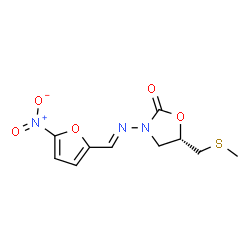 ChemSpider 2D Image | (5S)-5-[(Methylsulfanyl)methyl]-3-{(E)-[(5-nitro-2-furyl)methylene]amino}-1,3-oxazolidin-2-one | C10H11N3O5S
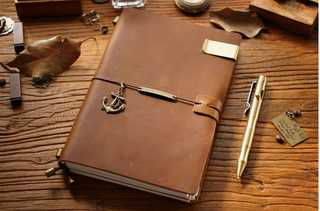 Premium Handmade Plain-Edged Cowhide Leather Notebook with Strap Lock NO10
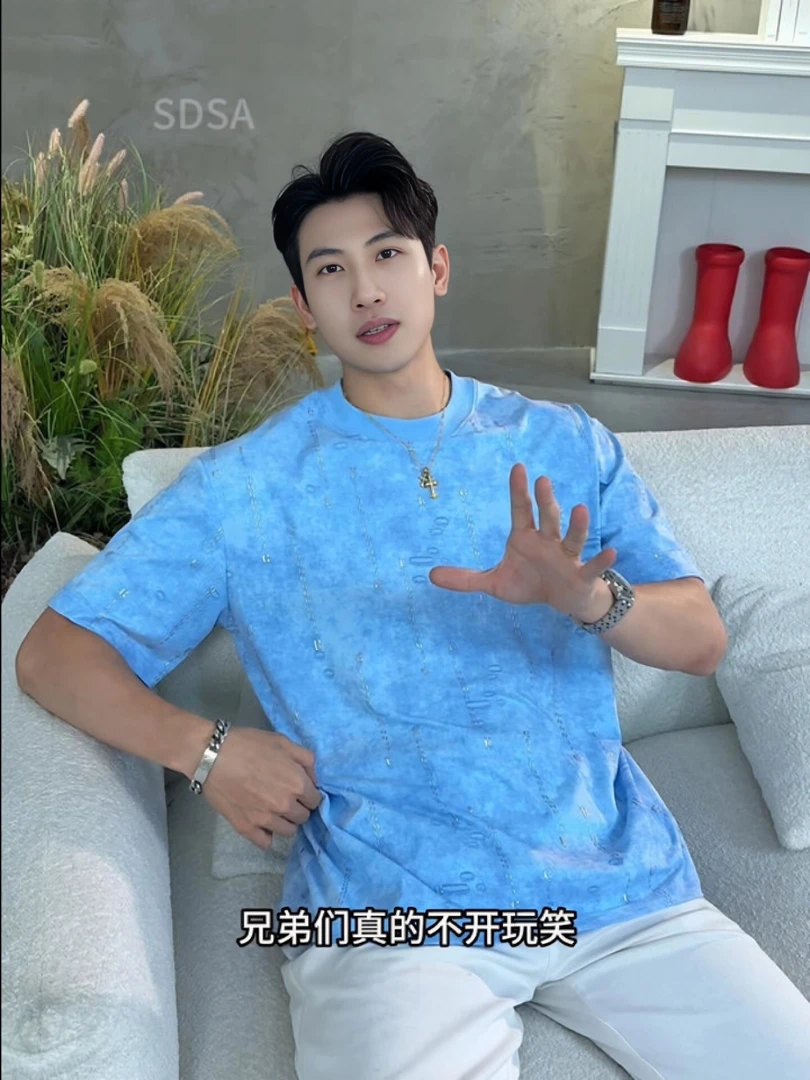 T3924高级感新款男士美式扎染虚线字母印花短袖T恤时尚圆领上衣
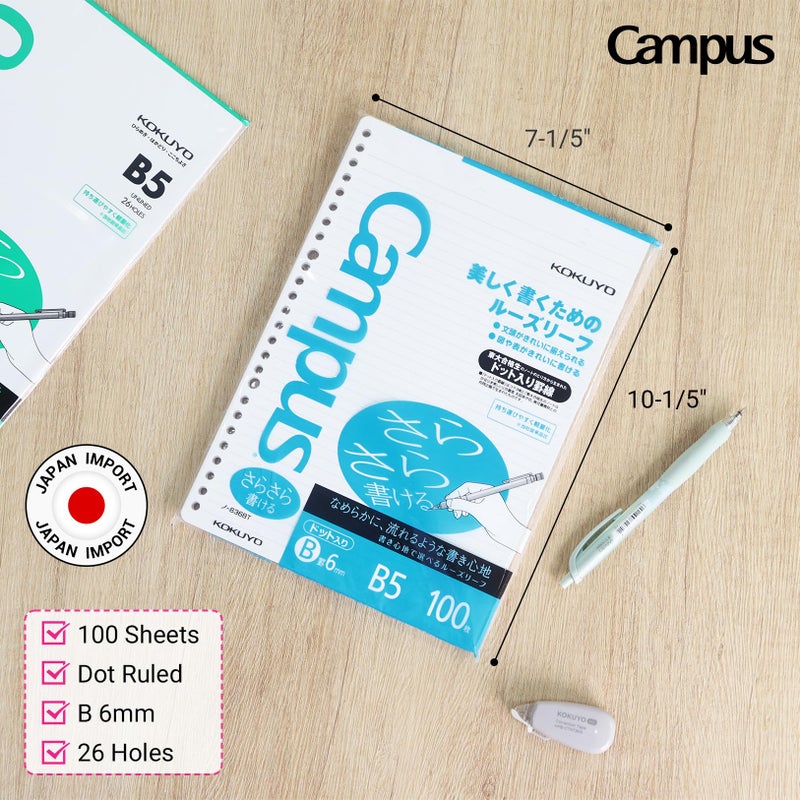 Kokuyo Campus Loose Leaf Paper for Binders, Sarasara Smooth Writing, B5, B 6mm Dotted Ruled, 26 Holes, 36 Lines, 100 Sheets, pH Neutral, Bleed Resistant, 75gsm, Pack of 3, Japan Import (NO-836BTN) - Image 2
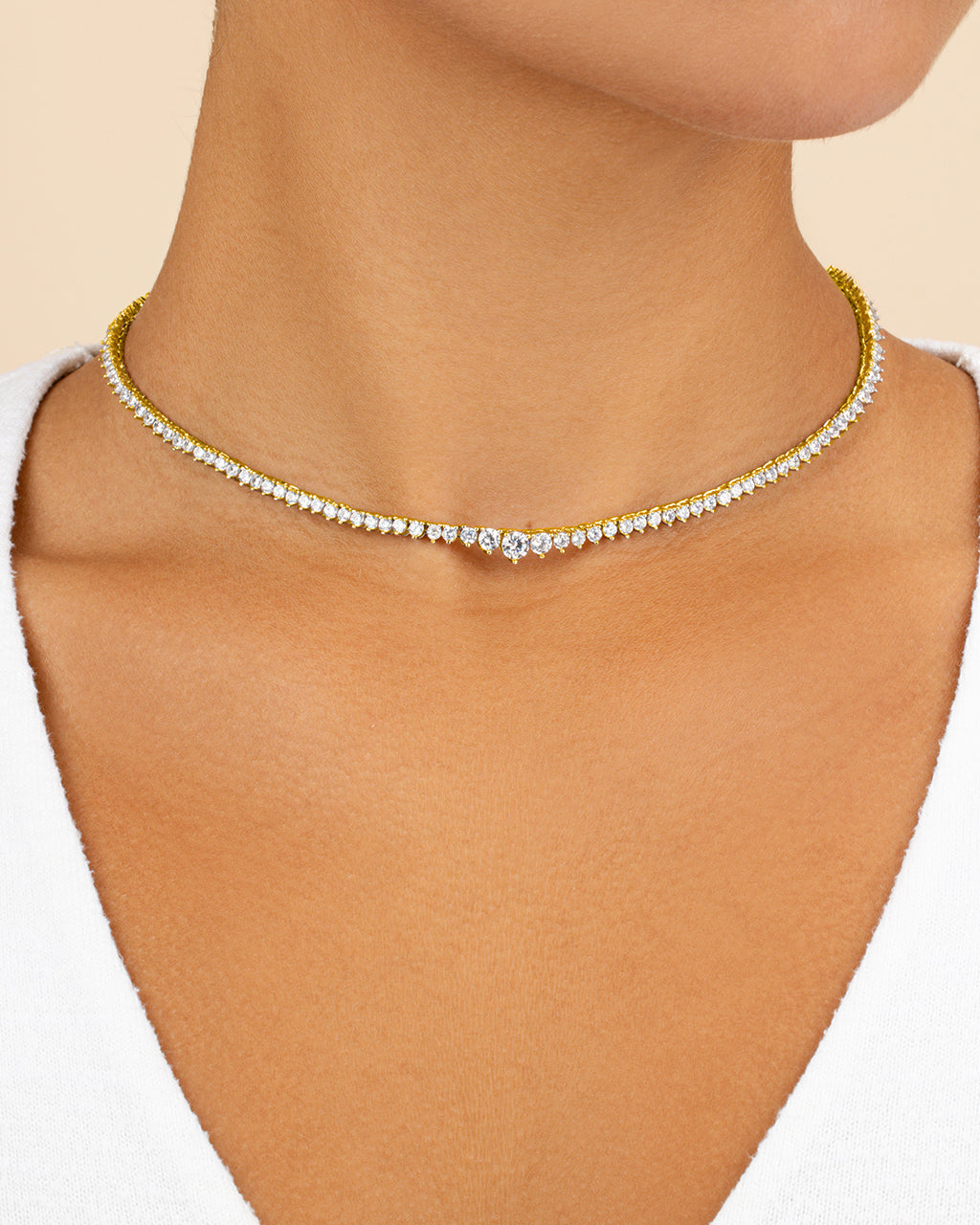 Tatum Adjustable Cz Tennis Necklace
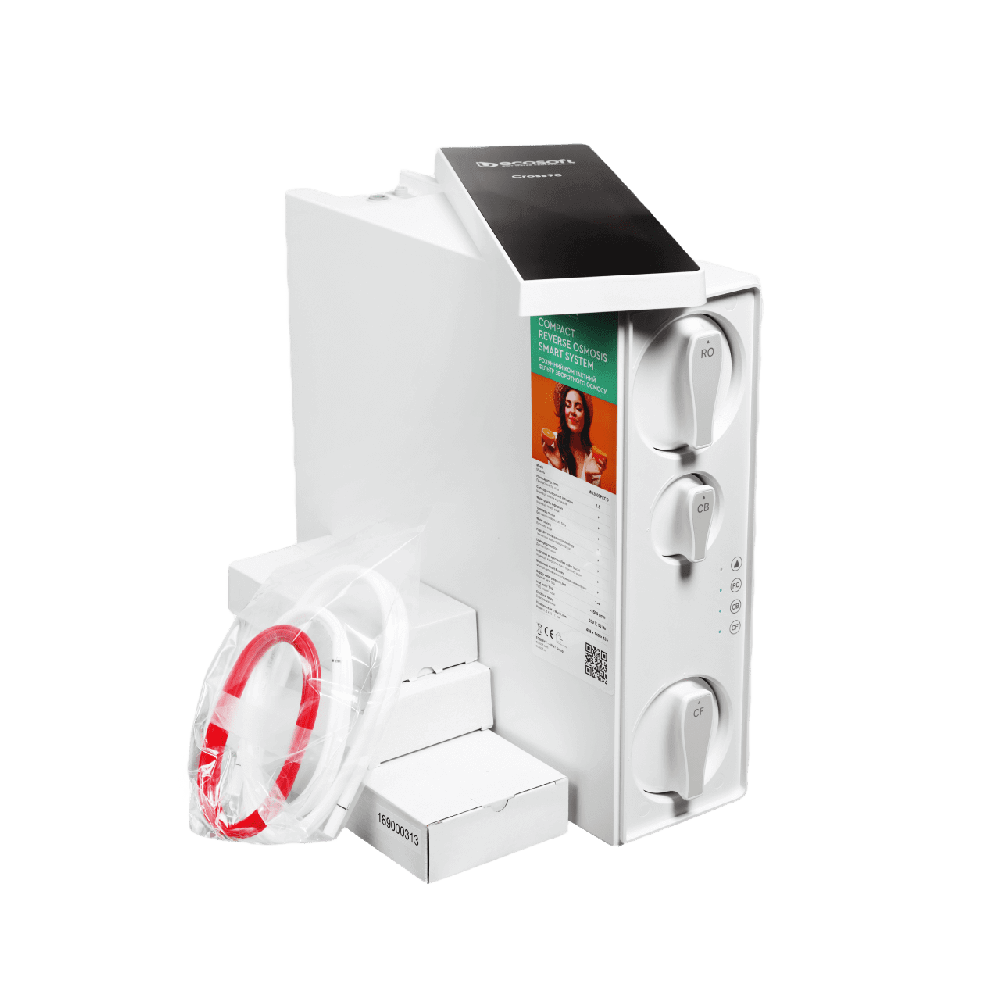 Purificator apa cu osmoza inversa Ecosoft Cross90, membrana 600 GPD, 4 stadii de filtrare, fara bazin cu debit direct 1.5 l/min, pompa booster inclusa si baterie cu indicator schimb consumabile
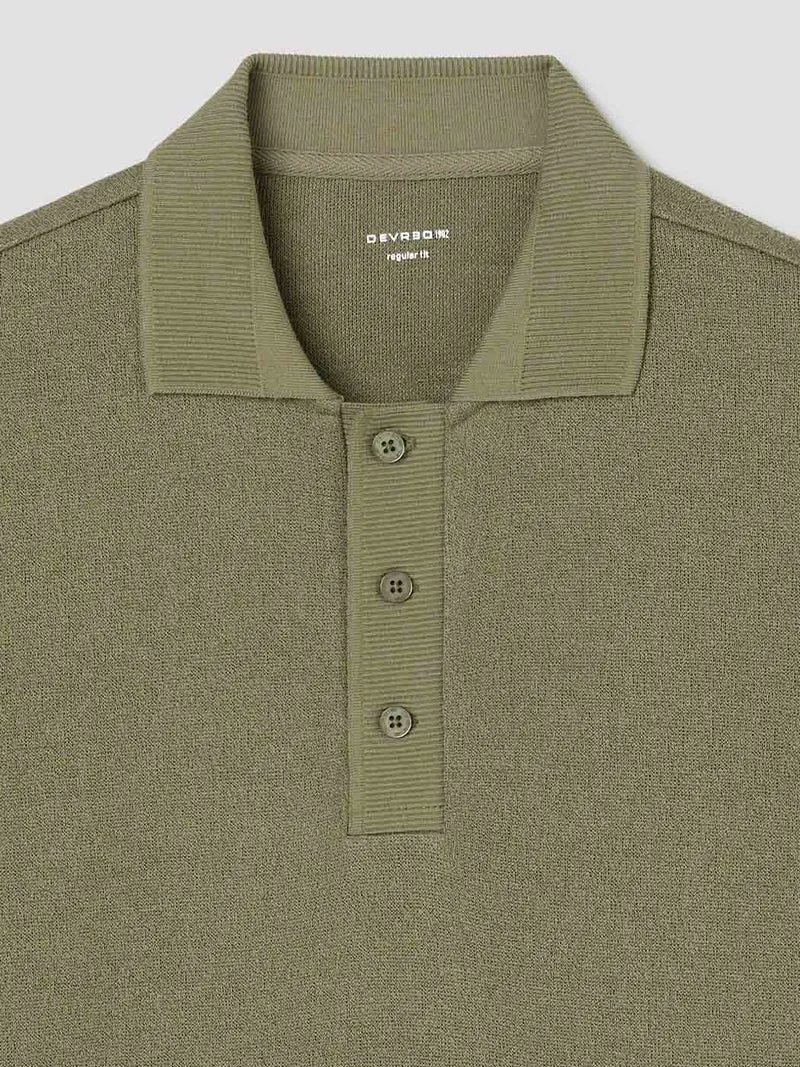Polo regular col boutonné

——

* [Exercise details]: Output an exact copy of the material, with the pictures removed.

* [Answer box]:
 ChemSpider 2D Image | (5S)-5-[(Methylsulfanyl)methyl]-3-{(E)-[(5-nitro-2-furyl)methylene]amino}-1,3-oxazolidin-2-one | C10H11N3O5S
 Premium Handmade Plain-Edged Cowhide Leather Notebook with Strap Lock NO10
 T3924高级感新款男士美式扎染虚线字母印花短袖T恤时尚圆领上衣
 Kokuyo Campus Loose Leaf Paper for Binders, Sarasara Smooth Writing, B5, B 6mm Dotted Ruled, 26 Holes, 36 Lines, 100 Sheets, pH Neutral, Bleed Resistant, 75gsm, Pack of 3, Japan Import (NO-836BTN) - Image 2
 Tatum Adjustable Cz Tennis Necklace
 Purificator apa cu osmoza inversa Ecosoft Cross90, membrana 600 GPD, 4 stadii de filtrare, fara bazin cu debit direct 1.5 l/min, pompa booster inclusa si baterie cu indicator schimb consumabile
Polo regular col boutonné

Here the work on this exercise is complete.